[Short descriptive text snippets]
--------------------------------

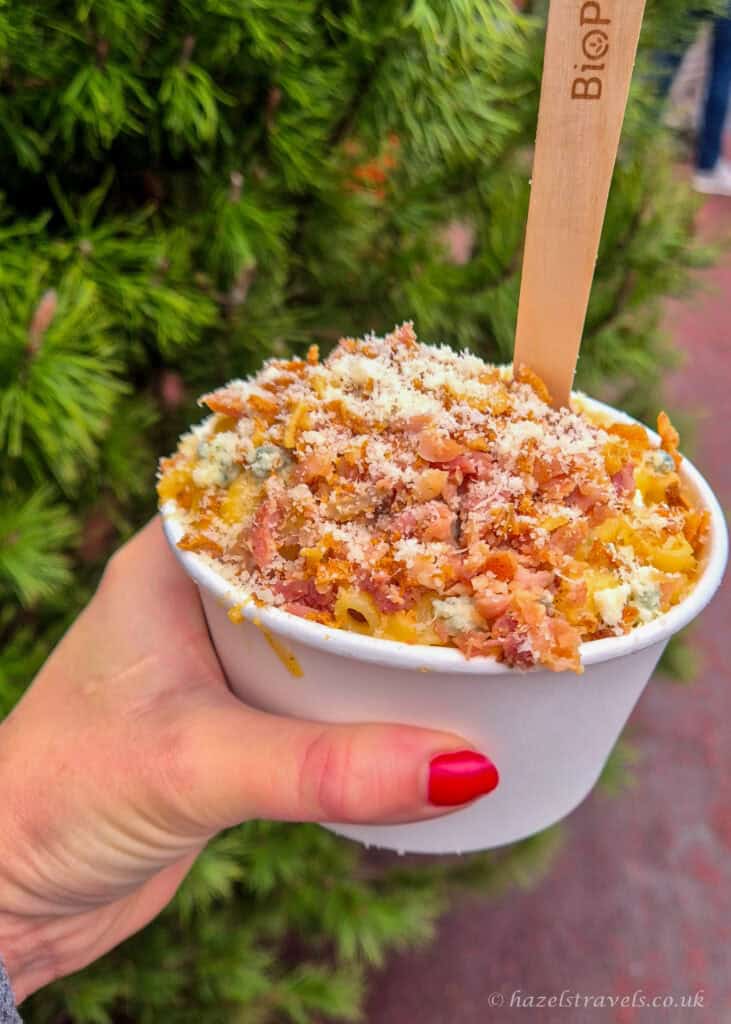 Mac and cheese topped with bacon and blue cheese at the Edinburgh Christmas Market, served in a white paper bowl with a wooden spoon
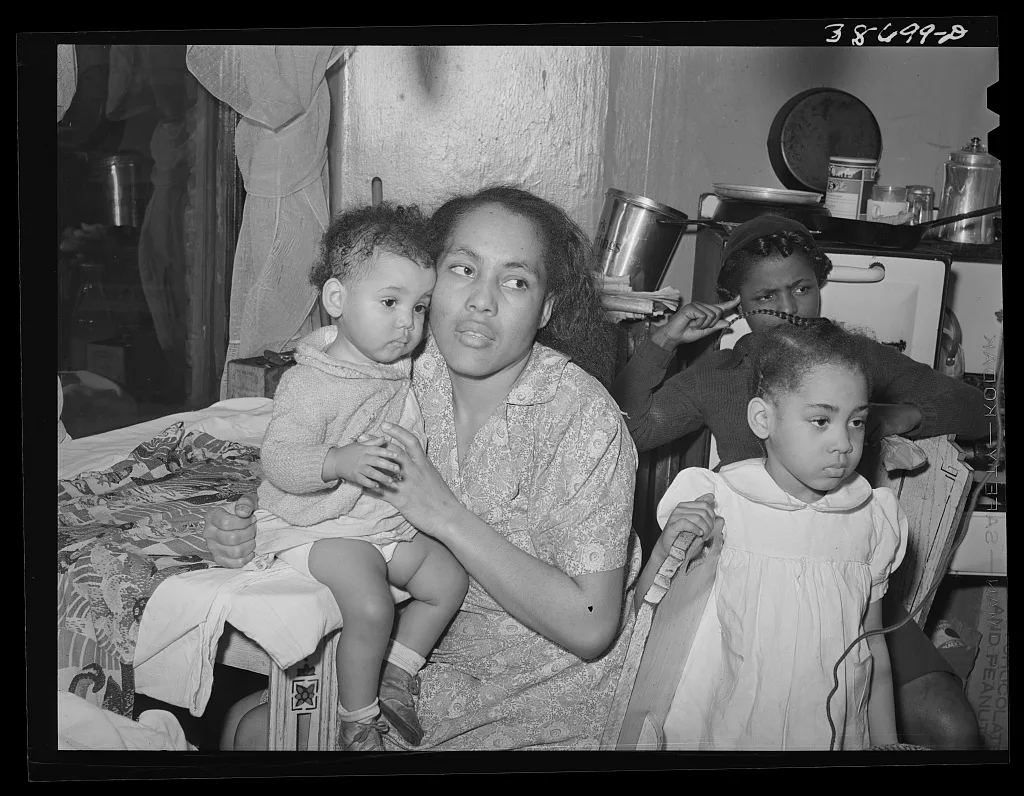 Mother and children at home. Chicago, Illinois, 1941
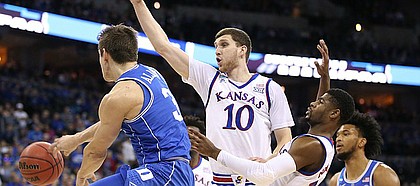Duke guard Grayson Allen (3) throws a pass beyond Kansas guard Sviatoslav Mykhailiuk (10) and Kansas guard Malik Newman (14) during the first half, Sunday, March 25, 2018 at CenturyLink Center in Omaha, Neb.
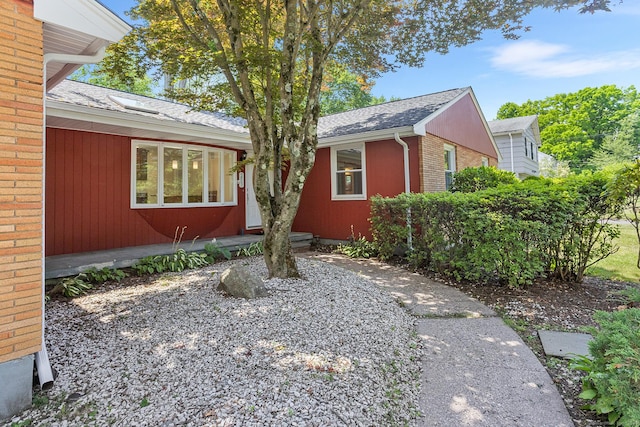 253 Simsbury Rd, West Hartford, CT 06117 - view of front of home with brick siding and roof with shingles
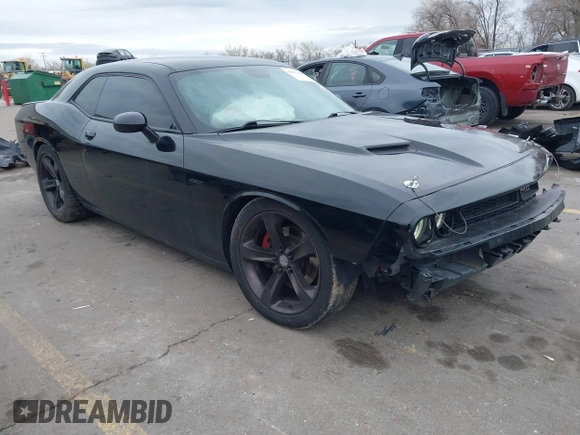 2015 Dodge Challenger R/T with VIN 2C3CDZATXFH712765, listed as a IAAI auction lot 41817210 with 99,535 mi miles and . Bid and sale history available at DreamBid. Image 1.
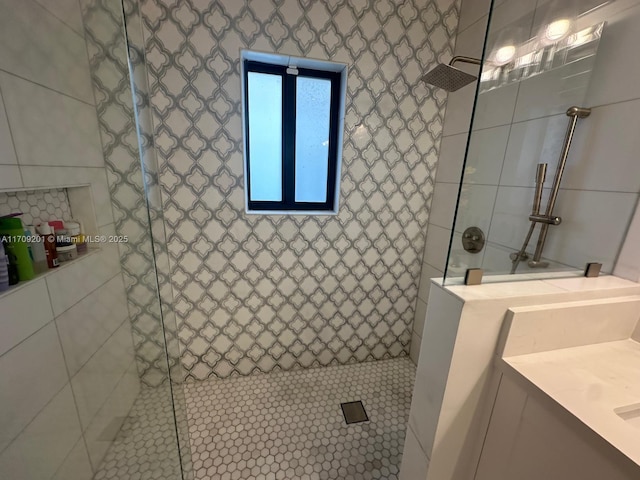 bathroom with vanity and tiled shower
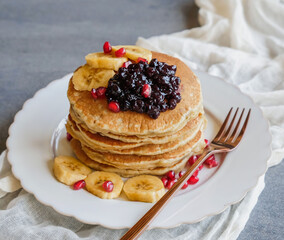 Healthy homemade meals. Banana Pancake with Pomegranate, Wild Blueberry Jam & Wild Honey. Ripen mashed banana, eggs, low fat milk, honey & blueberry jam.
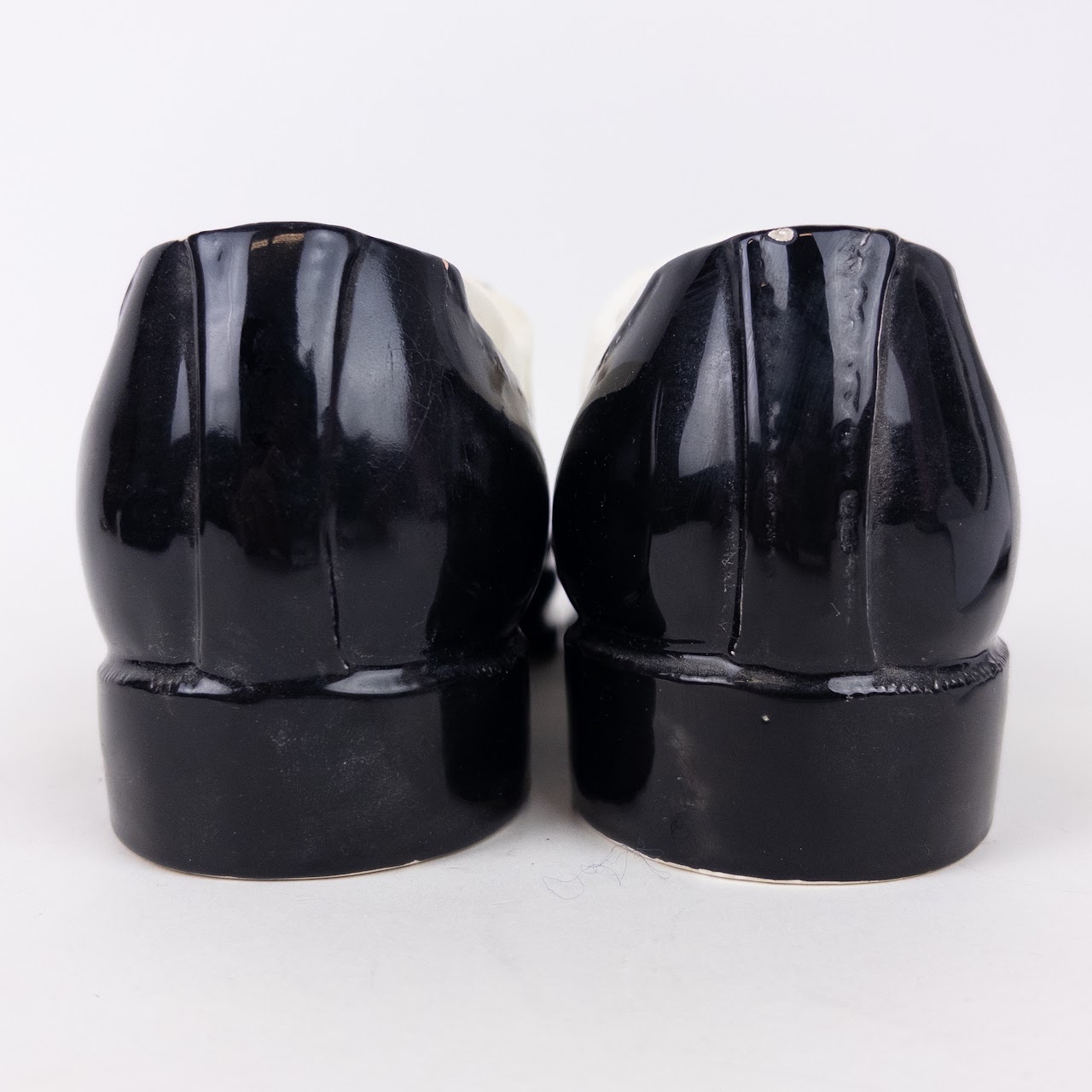 Dept. 56 Black and White Ceramic Saddle Shoe Planters (2)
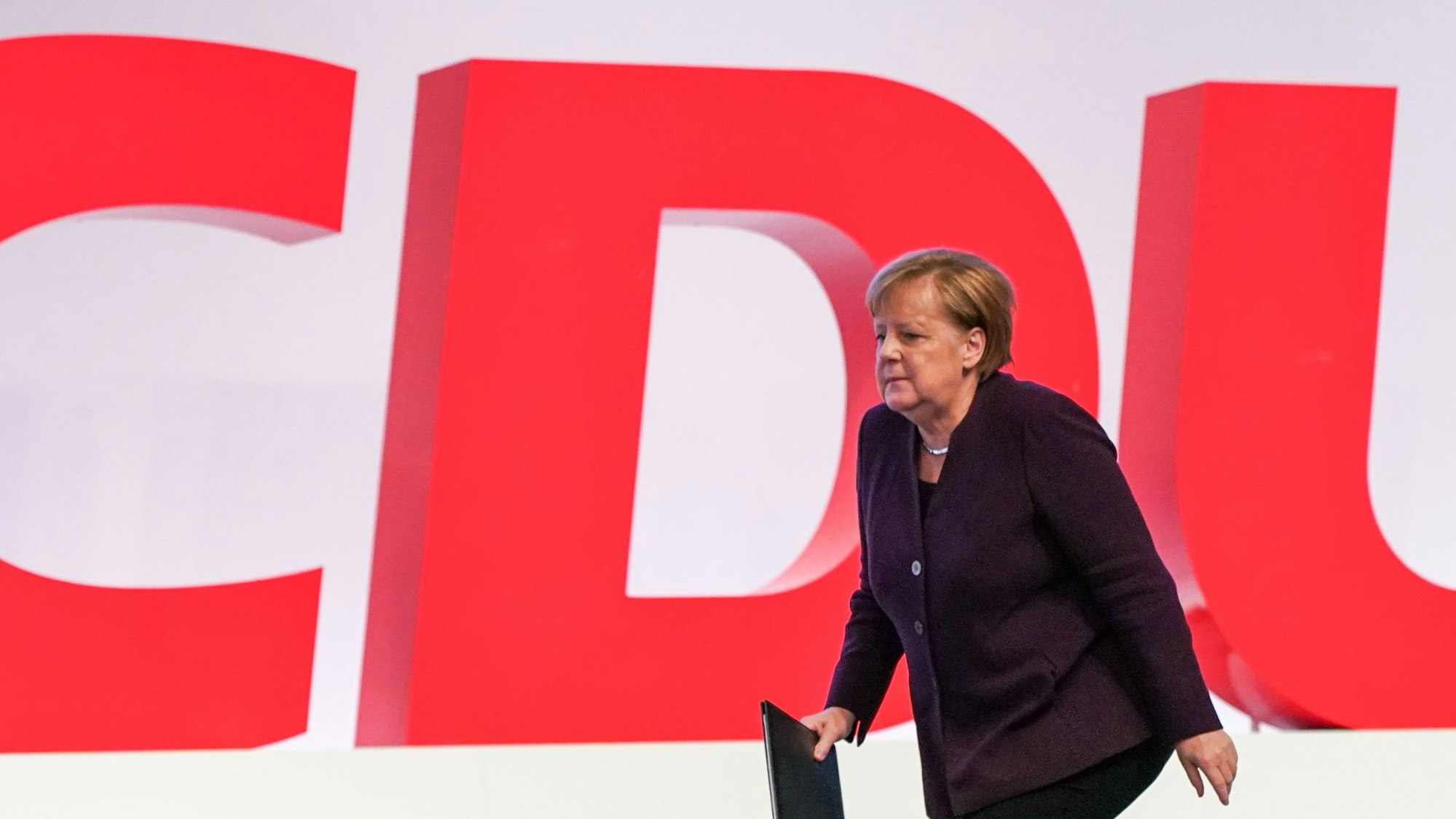 Ex-Bundeskanzlerin Angela Merkel (CDU) läuft an riesigen Buchstaben CDU vorbei.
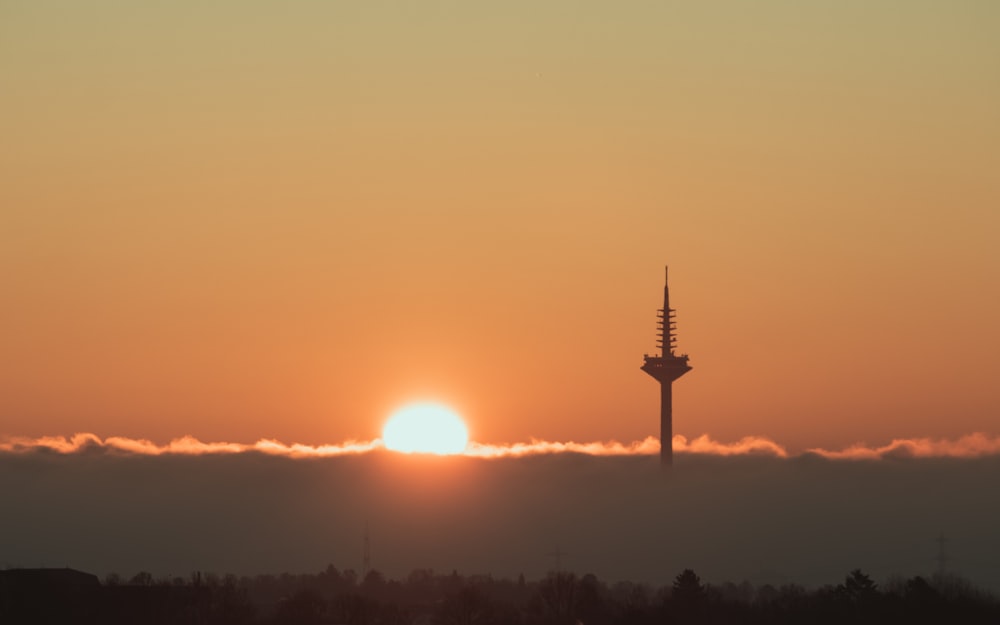 the sun is setting behind a tower in the sky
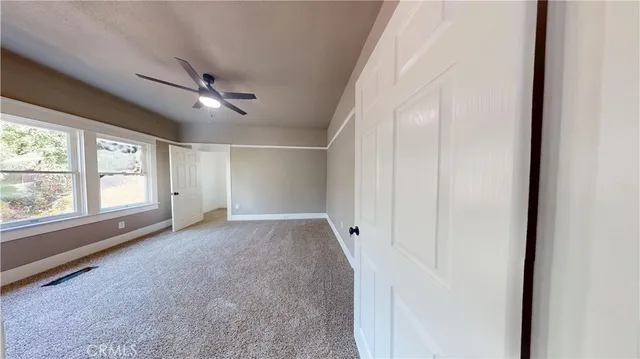 an empty room with windows and closet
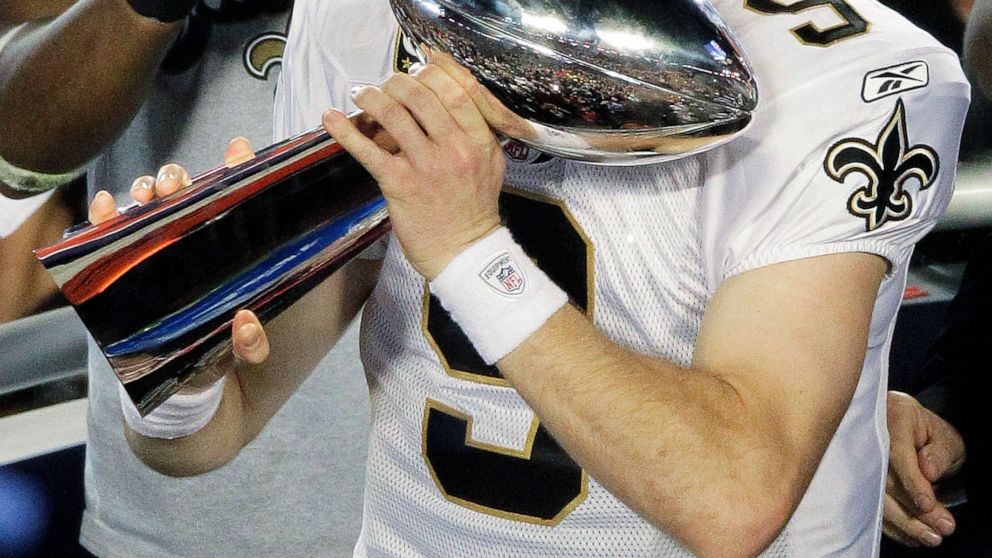 File-This Feb. 7, 2010, file photo shows New Orleans Saints quarterback Drew Brees (9) celebrating with the Vince Lombardi Trophy after the NFL Super Bowl XLIV football game against the Indianapolis Colts in Miami. Brees, the NFL’s leader in career c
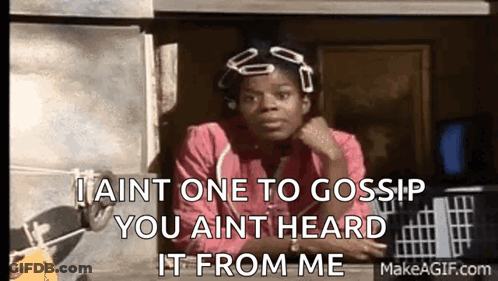 A Woman In A Pink Shirt Is Sitting In Front Of A Window And Talking To Someone . GIF
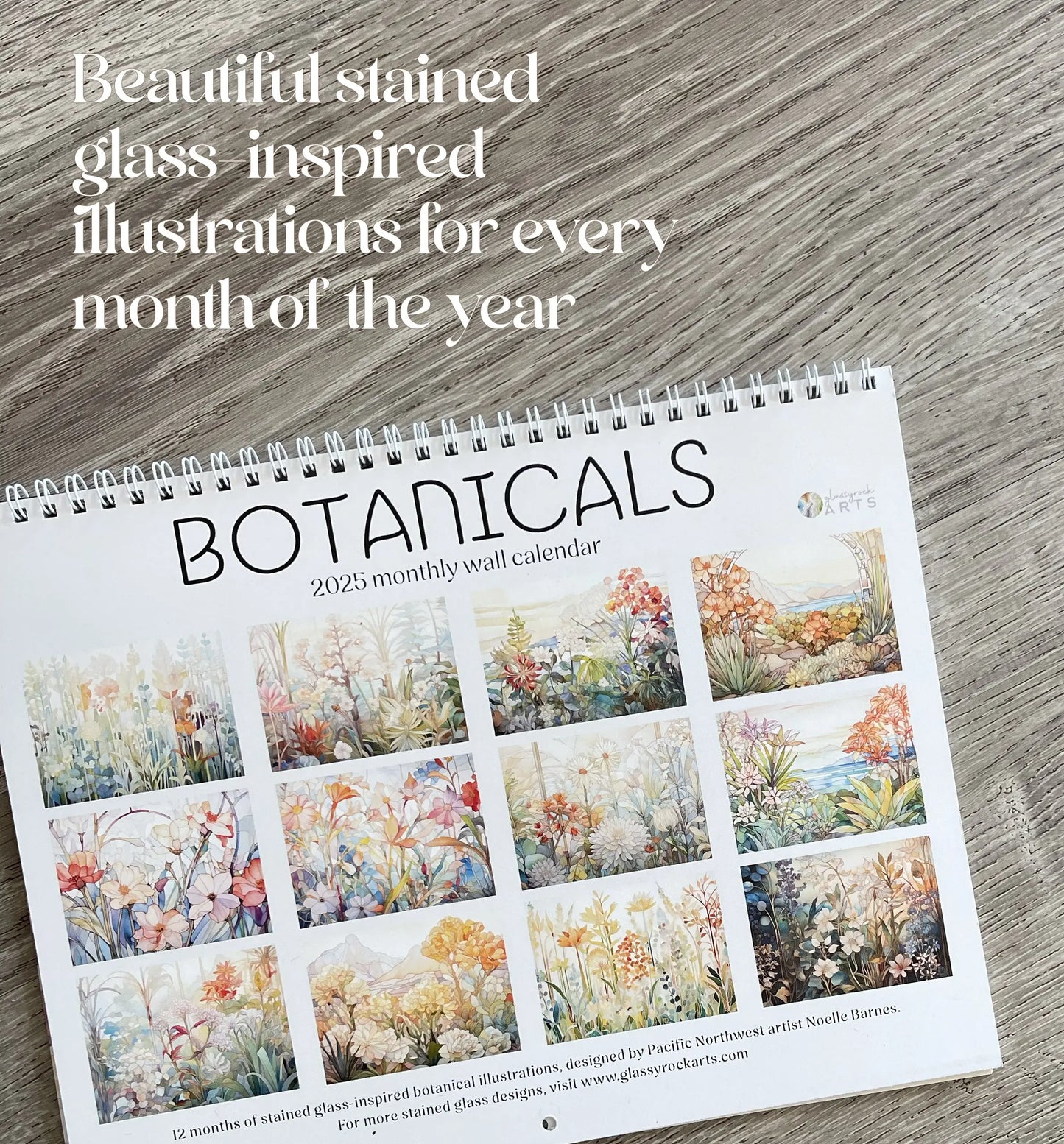 The 2025 Botanicals Wall Calendar graces a wooden surface with 12 stained glass-inspired botanical illustrations, one for each month. Elegant text above reads, Beautiful stained glass inspired illustrations for every month of the year.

--------------------------------

**GOAL OF THE EXERCISE**.
A faithful copy is needed of the lines from the one containing "an empty room with windows and closet" through the last line of the data above, with pictures left out.

**WRITTEN ANSWER**.
 an empty room with windows and closet
 File-This Feb. 7, 2010, file photo shows New Orleans Saints quarterback Drew Brees (9) celebrating with the Vince Lombardi Trophy after the NFL Super Bowl XLIV football game against the Indianapolis Colts in Miami. Brees, the NFL’s leader in career c
 A Woman In A Pink Shirt Is Sitting In Front Of A Window And Talking To Someone . GIF
 The 2025 Botanicals Wall Calendar graces a wooden surface with 12 stained glass-inspired botanical illustrations, one for each month. Elegant text above reads, Beautiful stained glass inspired illustrations for every month of the year.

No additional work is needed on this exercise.